HyperAI

Astronomaly: Identifying Anomalies in 4 Million Galaxy Images Using CNNs and Active Learning

2 years ago
Information
Xuran Zhang
特色图像

Anomalies in galaxies are key to our understanding of the universe. However, with the development of astronomical observation technology, astronomical data is growing exponentially, exceeding the analytical capabilities of astronomers.
Although volunteers can participate in the processing of astronomical data online, they can only perform some simple classifications and may miss some key data.
To this end, researchers developed the Astronomaly algorithm based on convolutional neural networks and unsupervised learning. Recently, researchers from the University of the Western Cape used Astronomaly for large-scale data analysis for the first time, trying to find anomalies in the universe from 4 million galaxy photos.

Author | Xuecai

Editor | Three Sheep, Iron Tower

This article was first published on HyperAI WeChat public platform~

Anomalies in galaxies are key to our understanding of the universe.By analyzing images recorded by Survey Telescopes, researchers can identify anomalies in galaxies and make inferences about the origin and evolution of the universe.

However, this process is facing severe challenges.Because the amount of astronomical observation data is growing exponentially.Take the Vera Rubin Observatory, which is about to be put into use, for example. This observatory has the world's largest digital camera and is expected to record 20 TB of data every night, 60 PB of data in ten years, and make 32 trillion observations of about 20 billion galaxies.Far beyond the limits of what researchers can analyze humanly.
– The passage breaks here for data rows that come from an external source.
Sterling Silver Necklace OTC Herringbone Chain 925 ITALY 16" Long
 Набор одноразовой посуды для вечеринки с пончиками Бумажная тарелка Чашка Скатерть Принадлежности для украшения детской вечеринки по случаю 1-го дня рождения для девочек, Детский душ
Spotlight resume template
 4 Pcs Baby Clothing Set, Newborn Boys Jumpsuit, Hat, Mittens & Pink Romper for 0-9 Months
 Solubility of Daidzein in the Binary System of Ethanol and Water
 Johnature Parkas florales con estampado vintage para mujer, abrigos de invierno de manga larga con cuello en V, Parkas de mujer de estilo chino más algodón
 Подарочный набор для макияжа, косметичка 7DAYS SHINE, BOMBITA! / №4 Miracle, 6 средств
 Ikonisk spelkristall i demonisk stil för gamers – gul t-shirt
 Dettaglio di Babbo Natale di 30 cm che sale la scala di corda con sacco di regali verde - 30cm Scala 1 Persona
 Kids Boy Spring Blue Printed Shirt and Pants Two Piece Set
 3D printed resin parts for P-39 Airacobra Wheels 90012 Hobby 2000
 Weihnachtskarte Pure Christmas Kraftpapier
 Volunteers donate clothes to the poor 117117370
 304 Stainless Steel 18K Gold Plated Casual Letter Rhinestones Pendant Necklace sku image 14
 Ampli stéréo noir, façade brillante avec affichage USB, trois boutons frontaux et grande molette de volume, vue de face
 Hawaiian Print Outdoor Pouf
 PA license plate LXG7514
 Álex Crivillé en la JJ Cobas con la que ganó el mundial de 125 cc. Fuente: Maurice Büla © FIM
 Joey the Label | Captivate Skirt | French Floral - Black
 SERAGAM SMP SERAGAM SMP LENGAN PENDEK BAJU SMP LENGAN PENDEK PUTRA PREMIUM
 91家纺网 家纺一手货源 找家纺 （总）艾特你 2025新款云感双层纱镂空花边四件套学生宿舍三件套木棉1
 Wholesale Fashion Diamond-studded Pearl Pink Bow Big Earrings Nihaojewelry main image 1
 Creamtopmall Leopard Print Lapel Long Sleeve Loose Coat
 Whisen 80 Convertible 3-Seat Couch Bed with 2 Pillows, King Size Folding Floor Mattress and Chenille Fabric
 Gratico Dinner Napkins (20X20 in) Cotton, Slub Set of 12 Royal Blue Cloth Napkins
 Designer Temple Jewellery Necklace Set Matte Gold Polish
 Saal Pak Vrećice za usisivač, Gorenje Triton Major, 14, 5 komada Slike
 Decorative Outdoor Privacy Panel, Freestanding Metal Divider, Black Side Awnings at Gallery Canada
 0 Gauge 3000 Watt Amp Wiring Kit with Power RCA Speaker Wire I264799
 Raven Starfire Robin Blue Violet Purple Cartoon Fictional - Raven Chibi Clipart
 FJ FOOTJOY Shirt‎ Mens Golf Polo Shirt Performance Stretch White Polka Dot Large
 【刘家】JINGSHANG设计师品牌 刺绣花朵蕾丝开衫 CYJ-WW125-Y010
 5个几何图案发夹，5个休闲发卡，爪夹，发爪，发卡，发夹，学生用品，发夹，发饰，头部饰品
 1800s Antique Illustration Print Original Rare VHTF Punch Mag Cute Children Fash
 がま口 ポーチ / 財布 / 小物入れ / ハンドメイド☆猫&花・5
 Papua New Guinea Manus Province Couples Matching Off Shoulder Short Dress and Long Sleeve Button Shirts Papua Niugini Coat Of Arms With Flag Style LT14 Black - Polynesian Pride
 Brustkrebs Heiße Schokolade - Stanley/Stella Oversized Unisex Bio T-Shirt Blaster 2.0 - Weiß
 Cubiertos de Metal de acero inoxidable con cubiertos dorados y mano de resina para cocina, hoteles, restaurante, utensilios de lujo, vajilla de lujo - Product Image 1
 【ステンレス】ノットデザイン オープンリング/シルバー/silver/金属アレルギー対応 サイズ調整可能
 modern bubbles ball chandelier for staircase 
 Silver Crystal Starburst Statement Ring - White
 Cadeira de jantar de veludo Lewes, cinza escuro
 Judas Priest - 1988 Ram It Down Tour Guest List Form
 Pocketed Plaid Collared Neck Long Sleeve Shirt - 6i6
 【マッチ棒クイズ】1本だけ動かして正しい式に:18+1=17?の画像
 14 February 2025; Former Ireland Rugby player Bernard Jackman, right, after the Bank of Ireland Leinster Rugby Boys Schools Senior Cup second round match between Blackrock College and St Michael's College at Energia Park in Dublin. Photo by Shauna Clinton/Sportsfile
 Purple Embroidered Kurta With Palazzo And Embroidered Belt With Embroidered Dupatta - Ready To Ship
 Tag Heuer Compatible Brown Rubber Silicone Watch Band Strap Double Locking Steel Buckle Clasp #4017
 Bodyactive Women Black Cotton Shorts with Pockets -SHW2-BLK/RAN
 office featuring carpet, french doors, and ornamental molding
Figure 1: The Vera Rubin Observatory under construction

In July 2007, some researchers launched the Galaxy Zoo project.Advancing astronomical observation image classification by recruiting volunteers onlineThe project attracted about 150,000 volunteers to make more than 40 million classifications of 1 million galaxy images recorded by the Sloan Digital Sky Survey (SDSS).

Figure 2: Galaxy Zoo project homepage

But the volunteers could only do basic work and could easily miss details in the images.Machine learning excels in image analysis and data classification, and has great potential in astronomical analysis.Supervised learning has been widely used in astronomical data analysis,However, these algorithms require a lot of training data and pre-definition, and perform poorly in finding anomalies.

To this end, in 2021, researchers developed an unsupervised machine learning algorithm called Astronomaly based on a convolutional neural network (CNN), which has excellent performance in different tasks. Recently, researchers from the University of the Western Cape used Astronomaly to analyze about 4 million galaxy images.This algorithm was applied for the first time to large-scale data analysis and discovered anomalies that had previously been overlooked.This result has been published as a preprint on arXiv.

This result has been published on arXiv

Paper link:

https://arxiv.org/abs/2309.08660

Experimental procedures

Dataset: Dark Energy Survey Camera

The data sets of this study are mainly images recorded in the g, r, and z bands in the eighth batch of public data (DR8) of the Dark Energy Camera for Surveys (DECaLS).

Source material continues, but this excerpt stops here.